I agree that there is no notion of an AST in the Ada language. However, some notion of structure, such as matching brackets and mandatory tokens, in Ada is present in any tool that processes the Ada language.

I disagree that the description would be as large as the Ada language itself: Only the extension of the Ada language needs to be described.

Finally, the specification is implementation independent. Of course, some current implementations might be easier to extend to support the Ada analysis specifications than others, but that is the case for any change to the Ada language.

sttaft commented 1 year ago

It is of course hard to predict the size of such a standard, but in any case, it deserves its own document, rather than adding it to the Ada Language Standard. Note that there is a standard similar to what you propose, namely the Ada Semantic Interface Set (ASIS -- see https://en.wikipedia.org/wiki/Ada_Semantic_Interface_Specification).
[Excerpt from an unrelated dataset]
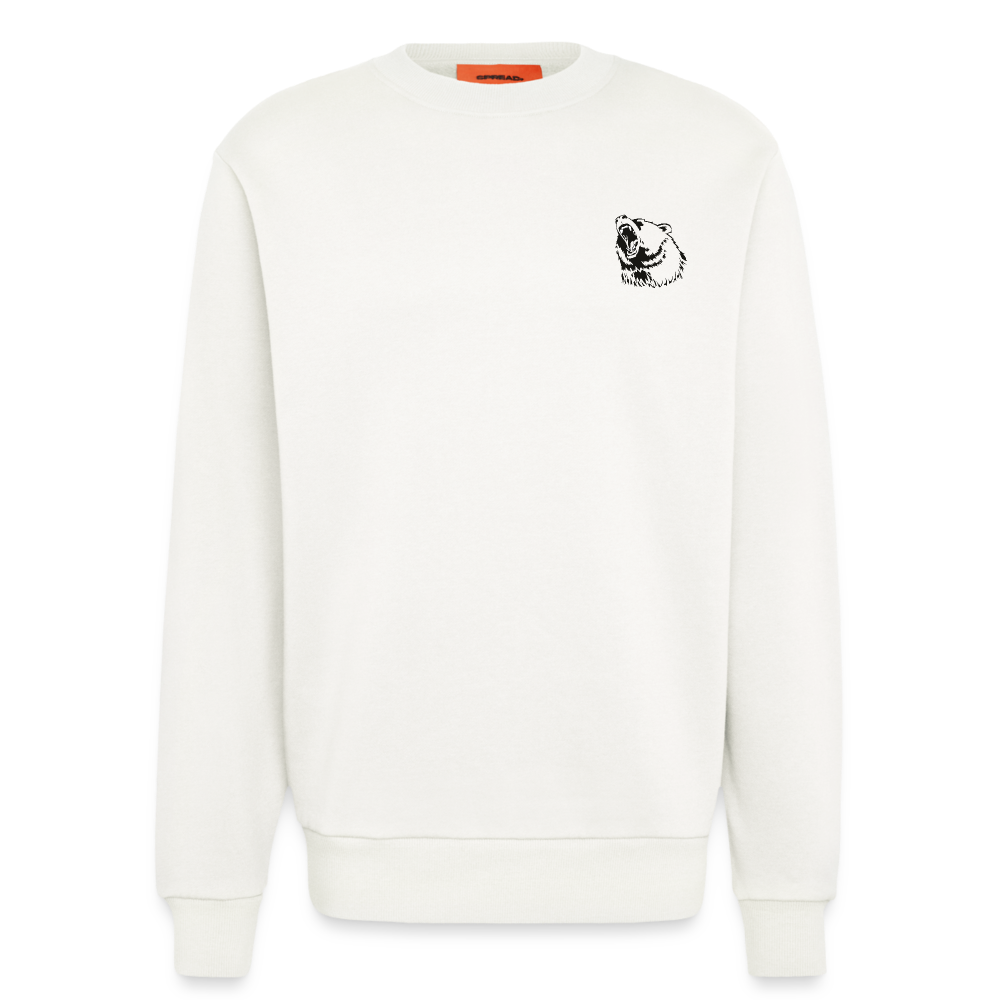 Organic relaxed trøje med crewneck made in EU - OFF WHITE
Some effort was made to keep it up to date with the Ada language standard, but ultimately the effort was abandoned because of the size of the standard (it was quite large), and the fact that no vendor was committed to supporting the proposed extensions.

If you believe strongly in such an interface, you would need to foster the creation of an initial draft of the specification, and probably produce an open-source prototype implementation.
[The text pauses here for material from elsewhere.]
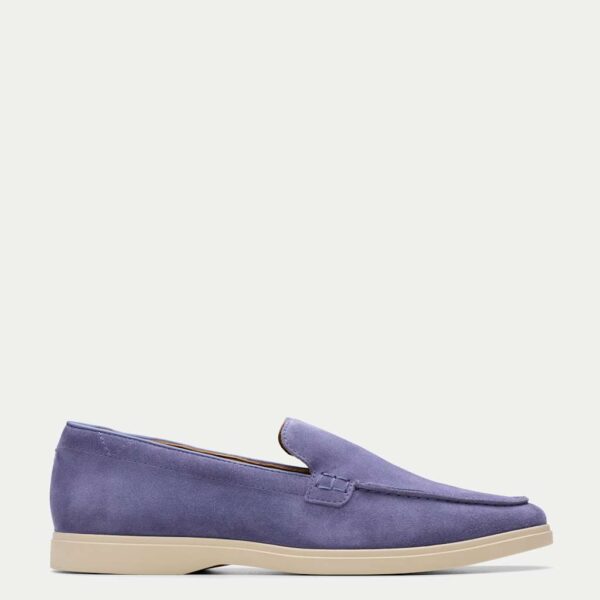 Clarks Men's Suede Slip-On Loafers - 9 - Blue, Blue,Grey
jprosen commented 1 year ago

Le 31/10/2022 à 13:52, S. Tucker Taft a écrit :

It is of course hard to predict the size of such a standard, but in any case, it deserves its own document, rather than adding it to the Ada Language Standard. Note that there is a standard similar to what you propose, namely the Ada Semantic Interface Set (ASIS -- see https://en.wikipedia.org/wiki/Ada_Semantic_Interface_Specification). Some effort was made to keep it up to date with the Ada language standard, but ultimately the effort was abandoned because of the size of the standard (it was quite large), and the fact that no vendor was committed to supporting the proposed extensions.

Note that there was a workshop at the latest AE conference, that showed interest in pursuing and updating the ASIS standard - including interest from one vendor. Proceedings to appear in an upcoming issue of the Ada User Journal.
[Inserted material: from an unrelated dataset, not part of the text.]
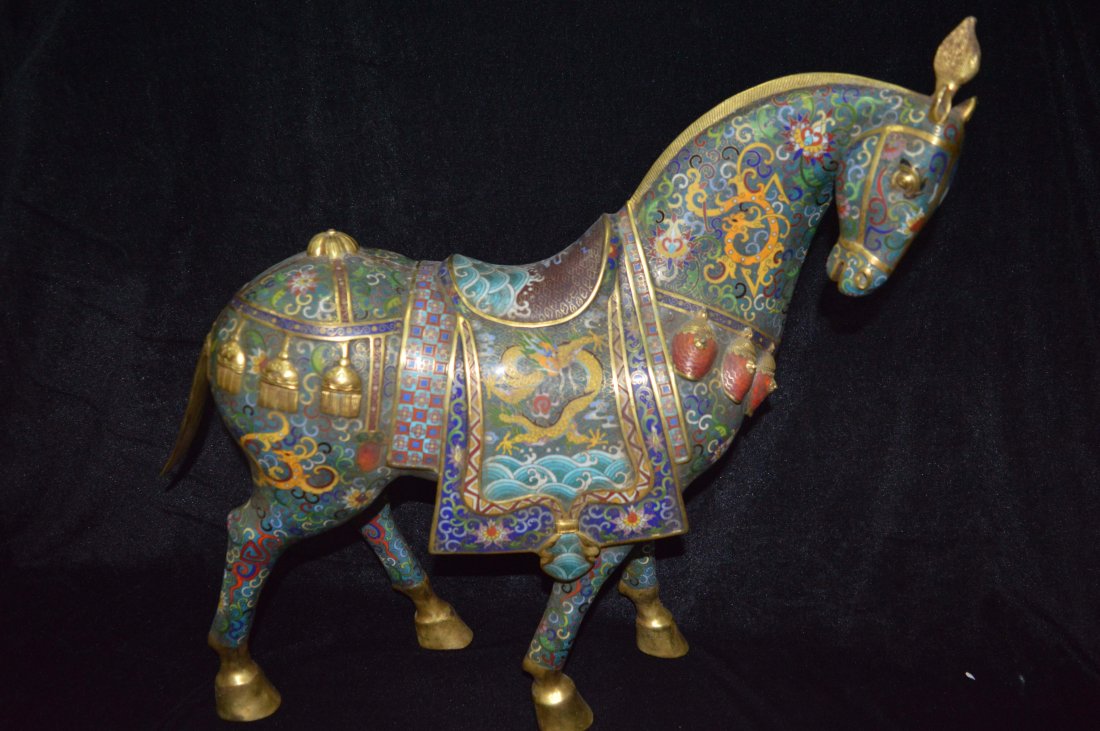 Marked, China Cloisonne Horse (1 of 8)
-- J-P. Rosen Adalog 2 rue du Docteur Lombard, 92441 Issy-les-Moulineaux CEDEX https://www.adalog.fr https://www.adacontrol.fr

sttaft commented 1 year ago

Note that there was a workshop at the latest AE conference, that showed interest in pursuing and updating the ASIS standard - including interest from one vendor. Proceedings to appear in an upcoming issue of the Ada User Journal.

Good to know! I'll look forward to seeing the Proceedings.